Trucking is an incredibly diverse industry. There are jobs available to meet a really wide set of expectations. It's also an incredibly competitive environment that requires plenty of work, yet yields relatively slim margins. Productivity is key to it's success. That goes for all the people working in this business from the upper level managers to the lowliest of them all, the driver.

As drivers we are the "boots on the ground." We make up the front line in this army. It's critical that we are making great things happen out here. We are relied on heavily, and hyper productive drivers are valued greatly. Anybody can do this job, but any cursory search of the internet concerning trucking jobs and/or companies will reveal that only a few do it well.
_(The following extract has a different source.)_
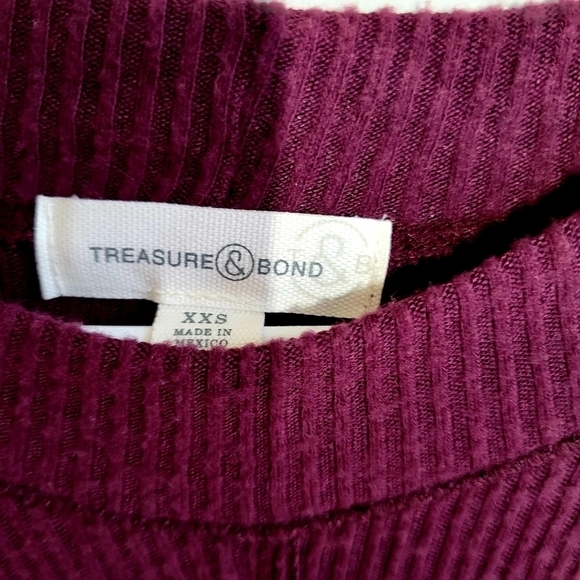Treasors & Bond very oversize marron very soft and confortable sweater, - Picture 4 of 4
I think I'm just wanting to point out how you get to experience top pay and also enjoy the time you desire at home. Those two things don't spring from company policy. They are produced by a driver's ability to be really productive. Now there's a lot to being productive, and much of it is misunderstood. That's why we have such voluminous accounts of truck drivers airing out their complaints online. They don't get the results they want, and they blame their failures on the industry and/or their dispatcher/company.

Anybody wanting to maximize their earnings, and go home when needed, must establish themselves as Top Tier Drivers. That's something that isn't affected by the name of the company emblazoned on your truck.

I see reports all the time of drivers claiming to be treated as slaves because they weren't allowed to go home. Anytime you read something like that you have to read into it something more. What you're probably seeing is a driver who isn't earning a dime for the company and their dispatcher is desperately trying to develop them into someone productive. You aren't seeing a modern day version of life on the plantation.

I was blessed to learn so much in this forum, and quickly realized how to produce results out here. Sometimes I practice things that others don't even attempt, but I'm always angling to be the best I can be at this job. That has resulted in very good treatment by my employers, my dispatchers, and other managers. I can simply make a request for something and they start moving mountains to make it happen. That has nothing to do with the name on my truck. It has everything to do with the way they appreciate having a productive driver on their team.

I'm sorry - I'm making a short story long. I'm bad about that. The bottom line is that to get the things we want out of this career, we must put in the things that are necessary. Don't look to company policies for direction on how to succeed at this career. Look to your own efforts and levels of productivity. Trucking company policies bend and adjust themselves to productive drivers. If you want special treatment it's available, but you'll need to earn it.